- The Washington Times - Friday, May 8, 2009

CITIZEN JOURNALISM:

In 1863, the same year he freed slaves, President Lincoln proclaimed a day of “humiliation, fasting, and prayer.” It was neither the first nor the last such proclamation in America.

In 1775, the Continental Congress called for a National Day of Prayer asking God for wisdom to establish a new nation. The Supreme Court, in the 1983 case of Marsh v. Chambers, affirmed the right to open a legislative session with a publicly funded chaplain.

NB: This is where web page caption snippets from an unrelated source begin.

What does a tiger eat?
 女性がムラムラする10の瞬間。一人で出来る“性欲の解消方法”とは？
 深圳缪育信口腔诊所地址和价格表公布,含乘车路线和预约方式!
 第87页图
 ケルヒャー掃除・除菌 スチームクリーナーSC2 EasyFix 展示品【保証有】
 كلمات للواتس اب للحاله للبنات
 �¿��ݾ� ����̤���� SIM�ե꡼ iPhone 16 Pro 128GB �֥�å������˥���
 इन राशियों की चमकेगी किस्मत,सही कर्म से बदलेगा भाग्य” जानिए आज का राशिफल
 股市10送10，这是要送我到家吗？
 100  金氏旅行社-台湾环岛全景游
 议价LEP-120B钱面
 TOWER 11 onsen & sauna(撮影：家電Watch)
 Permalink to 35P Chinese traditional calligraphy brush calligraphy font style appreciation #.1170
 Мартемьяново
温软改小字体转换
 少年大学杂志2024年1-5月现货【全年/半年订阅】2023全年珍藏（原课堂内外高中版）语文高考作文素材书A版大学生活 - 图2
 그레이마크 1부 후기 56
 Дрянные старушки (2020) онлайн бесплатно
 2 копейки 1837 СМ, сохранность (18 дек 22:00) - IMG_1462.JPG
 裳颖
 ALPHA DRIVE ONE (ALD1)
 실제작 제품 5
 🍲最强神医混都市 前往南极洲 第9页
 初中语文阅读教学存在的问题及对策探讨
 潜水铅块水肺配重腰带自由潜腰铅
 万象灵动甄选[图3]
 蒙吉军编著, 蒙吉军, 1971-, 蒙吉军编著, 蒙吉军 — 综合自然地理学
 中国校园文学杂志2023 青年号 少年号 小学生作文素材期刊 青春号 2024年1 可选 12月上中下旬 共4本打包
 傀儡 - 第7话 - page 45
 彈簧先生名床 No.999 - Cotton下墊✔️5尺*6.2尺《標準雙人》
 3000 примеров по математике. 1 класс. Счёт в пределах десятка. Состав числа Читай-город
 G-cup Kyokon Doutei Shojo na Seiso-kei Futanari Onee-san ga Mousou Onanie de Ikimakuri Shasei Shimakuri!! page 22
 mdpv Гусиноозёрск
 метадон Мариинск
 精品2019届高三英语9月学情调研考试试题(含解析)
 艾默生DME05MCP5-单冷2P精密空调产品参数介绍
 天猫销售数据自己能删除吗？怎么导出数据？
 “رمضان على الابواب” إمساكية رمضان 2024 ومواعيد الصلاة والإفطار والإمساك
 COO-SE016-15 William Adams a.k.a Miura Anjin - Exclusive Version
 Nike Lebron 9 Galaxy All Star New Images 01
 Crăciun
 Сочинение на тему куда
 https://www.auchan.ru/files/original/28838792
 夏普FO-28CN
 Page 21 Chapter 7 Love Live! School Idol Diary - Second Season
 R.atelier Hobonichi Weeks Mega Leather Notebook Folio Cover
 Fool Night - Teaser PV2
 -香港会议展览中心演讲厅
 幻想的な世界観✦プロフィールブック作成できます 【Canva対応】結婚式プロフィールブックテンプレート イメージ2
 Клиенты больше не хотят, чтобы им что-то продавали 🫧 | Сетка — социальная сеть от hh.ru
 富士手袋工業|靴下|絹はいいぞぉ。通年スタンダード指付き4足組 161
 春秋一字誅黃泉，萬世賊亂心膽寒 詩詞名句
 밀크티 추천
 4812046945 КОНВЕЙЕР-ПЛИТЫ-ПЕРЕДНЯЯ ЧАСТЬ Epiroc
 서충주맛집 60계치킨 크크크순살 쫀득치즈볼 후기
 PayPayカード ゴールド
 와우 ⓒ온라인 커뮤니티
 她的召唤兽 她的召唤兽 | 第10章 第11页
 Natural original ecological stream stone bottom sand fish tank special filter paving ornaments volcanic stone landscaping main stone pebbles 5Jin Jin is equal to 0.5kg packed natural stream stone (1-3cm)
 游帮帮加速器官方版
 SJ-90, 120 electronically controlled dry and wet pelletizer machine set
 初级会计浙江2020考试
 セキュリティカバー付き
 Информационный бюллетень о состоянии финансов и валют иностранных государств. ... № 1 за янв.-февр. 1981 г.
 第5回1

Since 1952, dozens of presidential proclamations have decreed an annual observance of prayer.

President Reagan signed legislation in 1988 that designated the first Thursday of May as the official National Day of Prayer.

The International Christian Host Coalition, a nonprofit association of multicultural and interdenominational Christian leaders, celebrated the 24th annual Capital Region National Day of Prayer on Thursday on the West Lawn of the U.S. Capitol.

This year’s theme was “Prayer: America’s Hope.”

“It was a concerted effort to follow President Barack Obama’s ‘call to unity,’ ” said Corinthia Boone, chairwoman of the event for 24 years.

“People are looking for hope,” she said. “This movement is a quiet undercurrent to bring people together. We come in to worship but we leave to serve.”

Since its inception in 1984, the Capital Region National Day of Prayer has featured a public worship service representing clergy from the suburbs and the city, and members of storefront and mega-church congregations.

Much of the focus is on ecumenical or “corporate prayer” and community transformation through the support of churches and delivery of outreach services.

Clergy started the day with a gathering in the Cannon House Office Building.

Events included congressional proclamations, readings by chaplains, a prayer assembly and a choral performance.

Mayor Adrian M. Fenty and members of the D.C. Council were invited, but the mayor sent regrets because of a scheduling conflict, Ms. Boone said.

The celebration was open to the public.

“We are in a new season and God is pouring out new wine. We believe God will take note of our repentant hearts and extend mercy to our land that His glory will flow to the nations of the world,” Ms. Boone said.

• Geraldine Washington is a freelance writer living in the District.